#### PROBLEM TO SOLVE
Below are the records; copy exactly the lines from the first through the one containing "thumbnail image 4", both included, and leave out the pictures.

#### THE INPUT
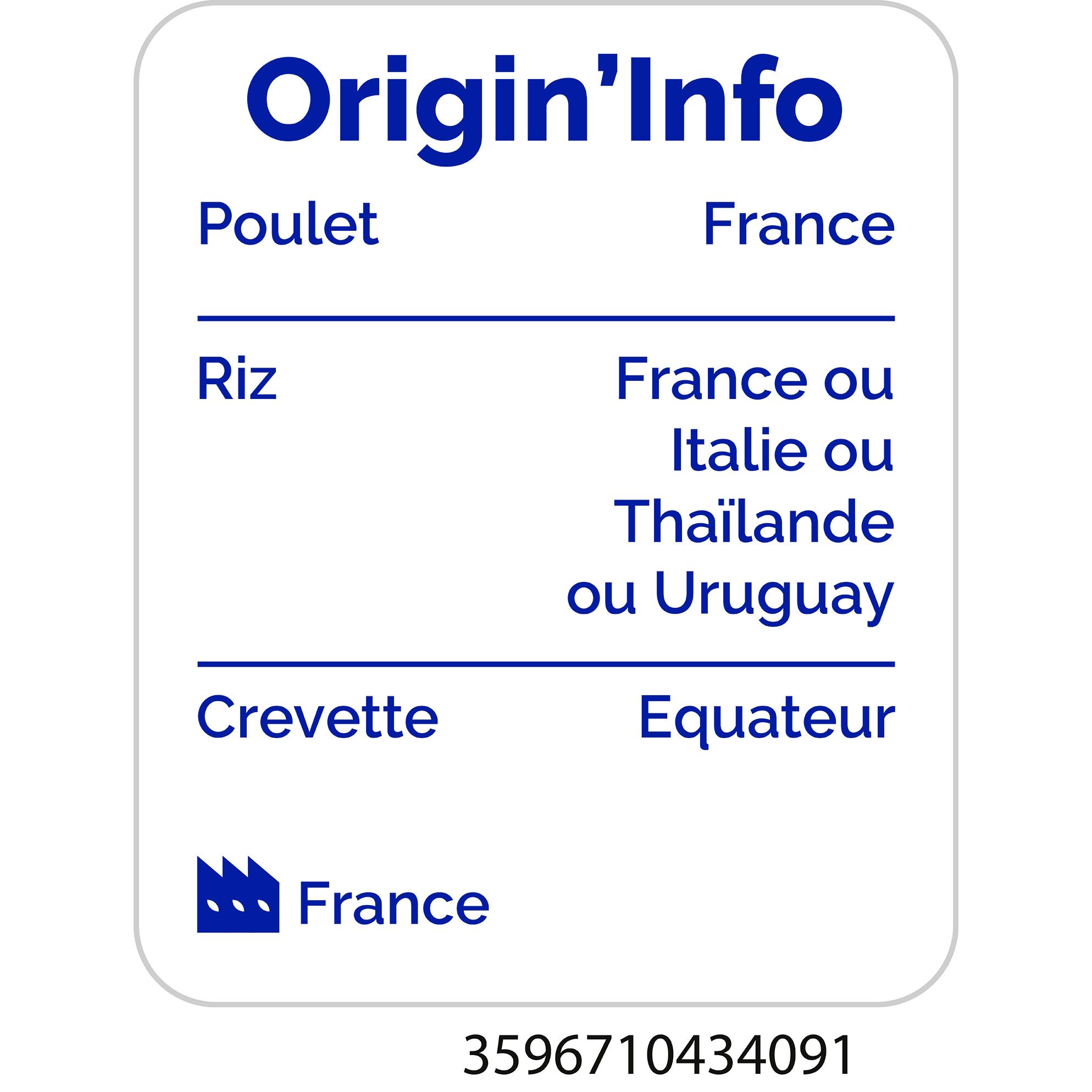 Voir la diapositive 2 : AUCHAN Paëlla au poulet et fruits de mer 1 part 400g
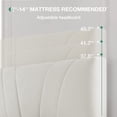 thumbnail image 4 of Novilla Full Bed Frame Upholstered Platform Full Size Bed Frame with Adjustable Headboard, Strong Weight Capacity, No Box Spring Needed, Easy Assembly, White, 4 of 7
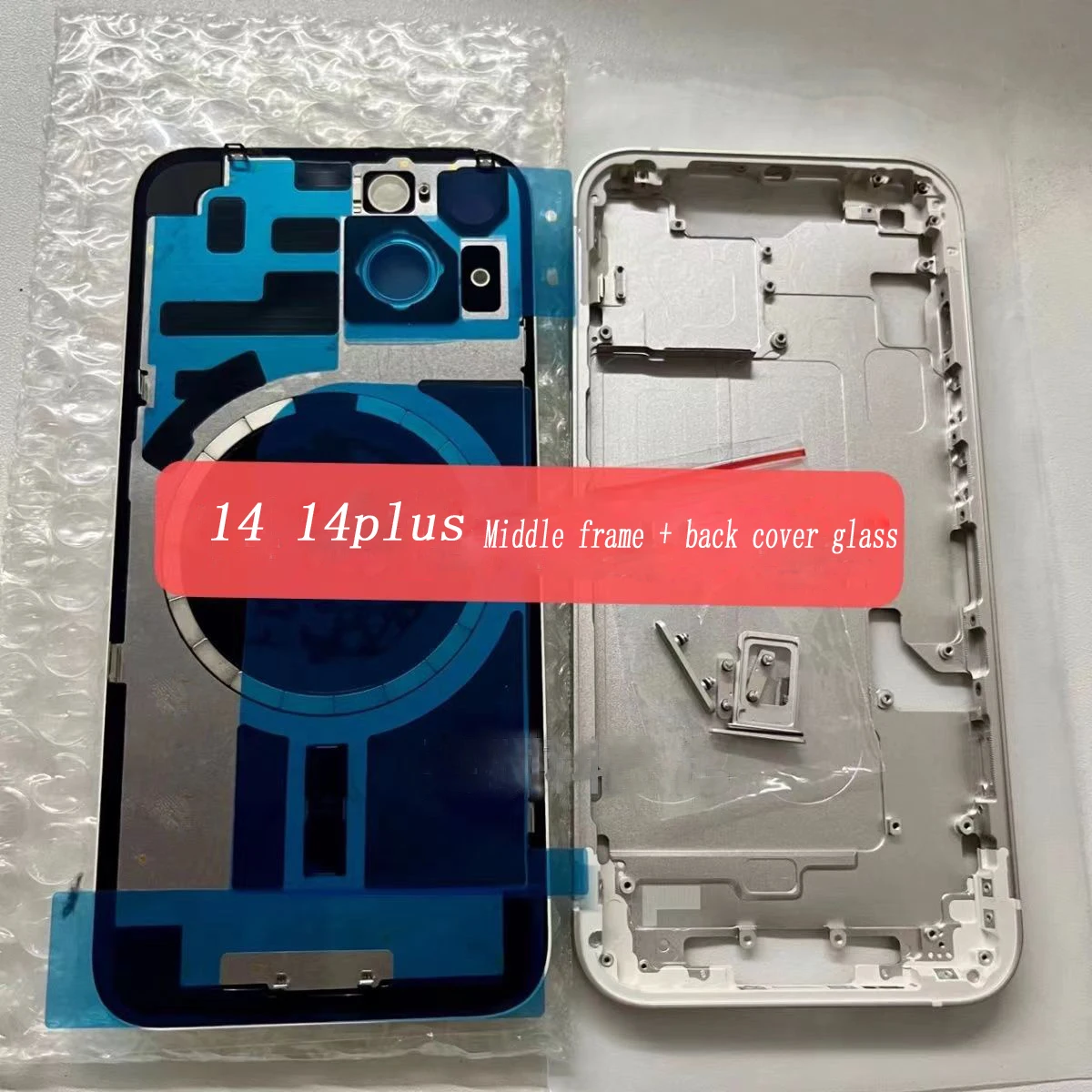 Integrated Quality Back Battery Glass Cover + Middle frame + Edge key For IPhone 14 15plus 14 15Pro Max Rear Housing Replacement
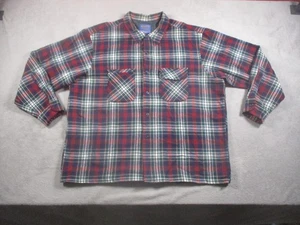Pendleton Camicia Uomo 2XL Plaid Lana Flanella Bottoni Doppia Tasca Rosso Verde - Foto 1 di 18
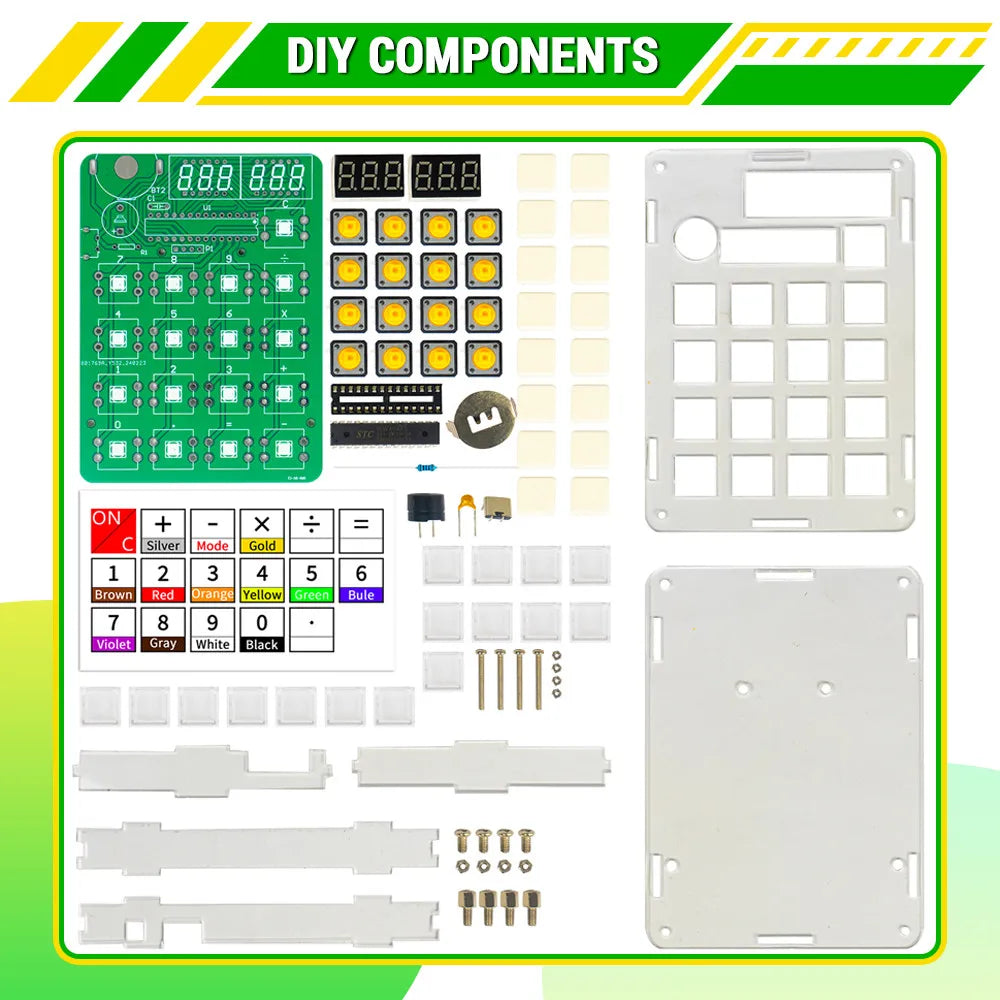 DIY Electronic Calculator Kit - LED Digital Display, Protective Shell, and Microcontroller Soldering Practice Set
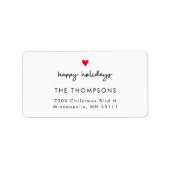 ハッピーホリデーズ赤いハートクリスマス差出人住所 ラベル (正面)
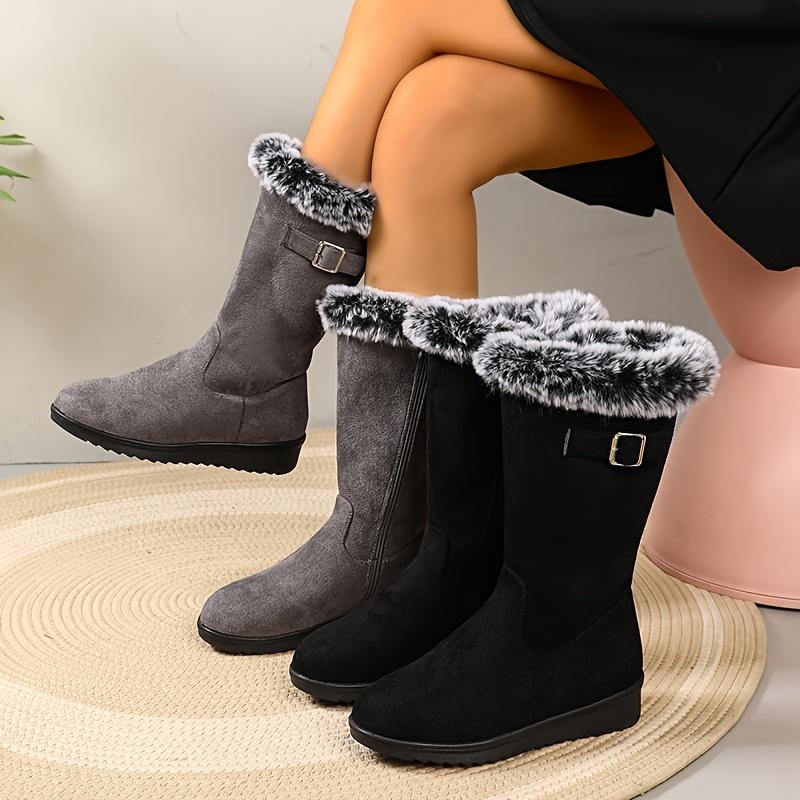 Women's Winter Boots - Slip-resistant PU Sole, Soft Plush Fabric Lining, Durable Grip - Black Cold Weather Footwear for Everyday, Fashionable Booties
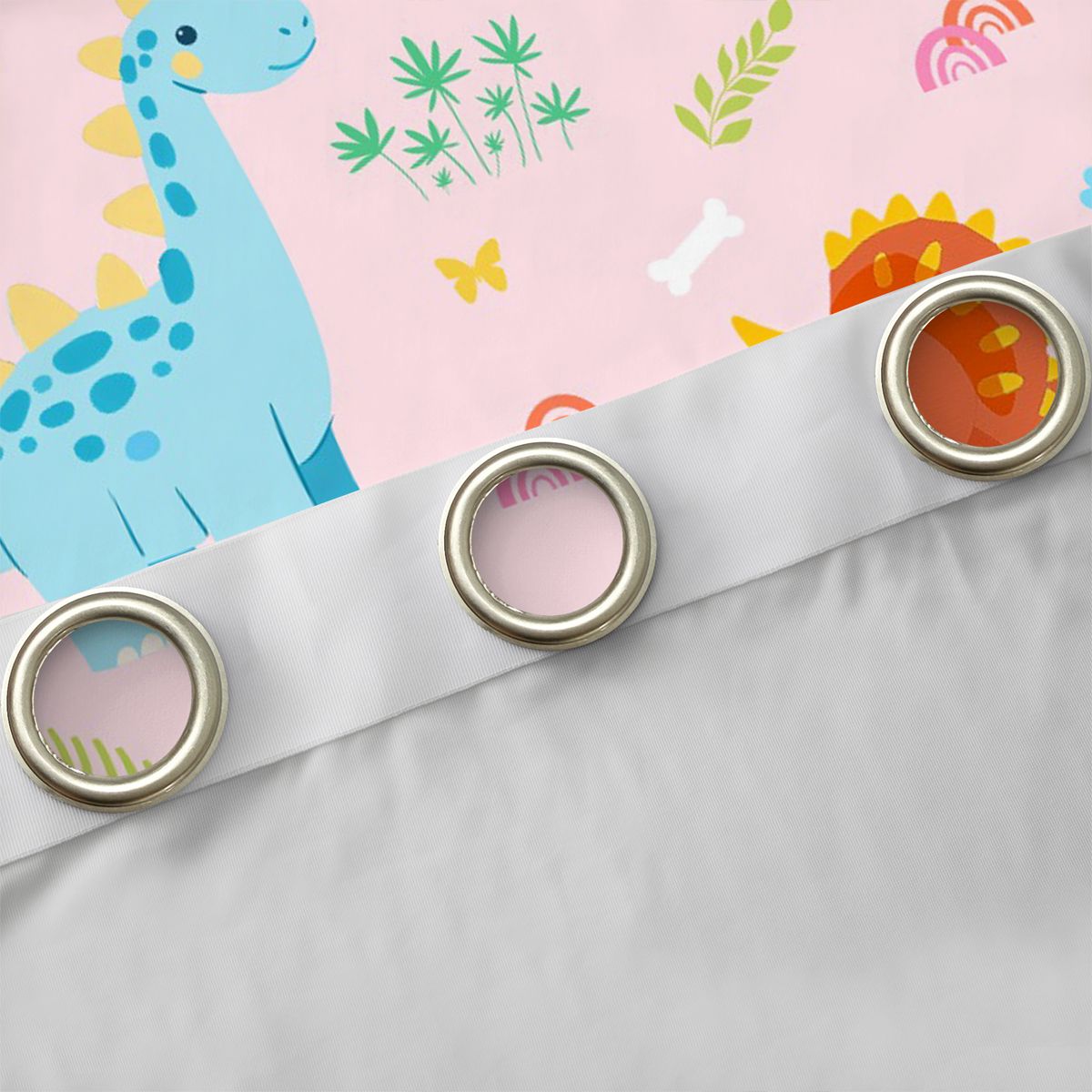 Homewish Kawaii Dinosaur Animal Black Out Curtains, Cartoon Style Curtains Pack of 2 (42x63 Each), Teens Kids Boys Girls Bedroom Curtains, Living Room Curtains Decor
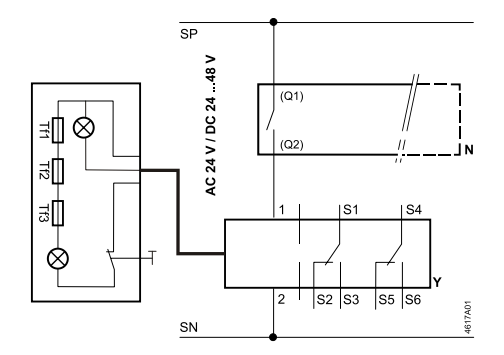 Схема подключения электропривода GRA126.1E/12 Siemens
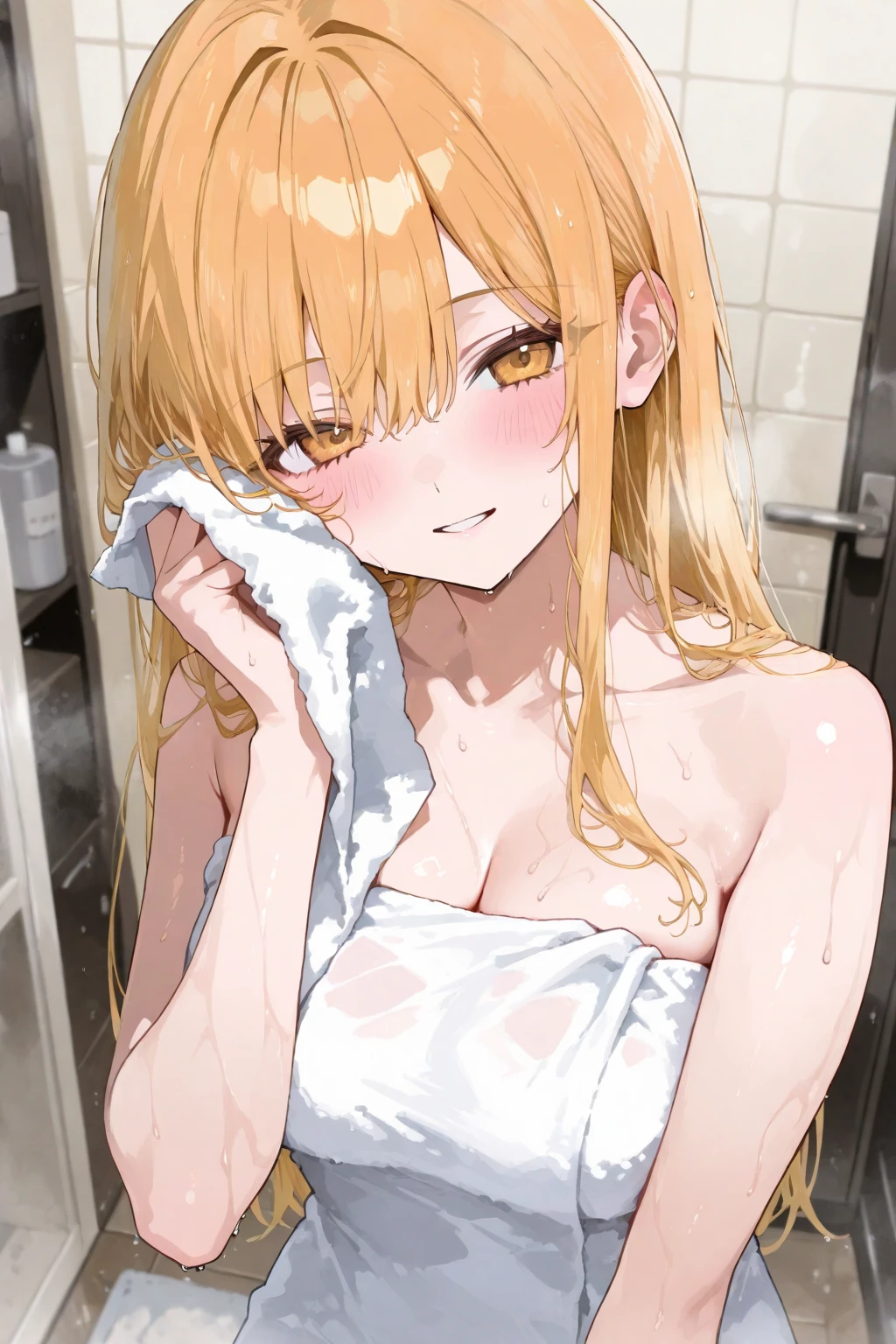 masterpiece, best quality, extremely detailed, NSFW,anime, very Young girl,short, light blown hair, twin tails, nude, cream on body, lemon slices on body, on table,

#### YOUR RESPONSE
 Voir la diapositive 2 : AUCHAN Paëlla au poulet et fruits de mer 1 part 400g
 thumbnail image 4 of Novilla Full Bed Frame Upholstered Platform Full Size Bed Frame with Adjustable Headboard, Strong Weight Capacity, No Box Spring Needed, Easy Assembly, White, 4 of 7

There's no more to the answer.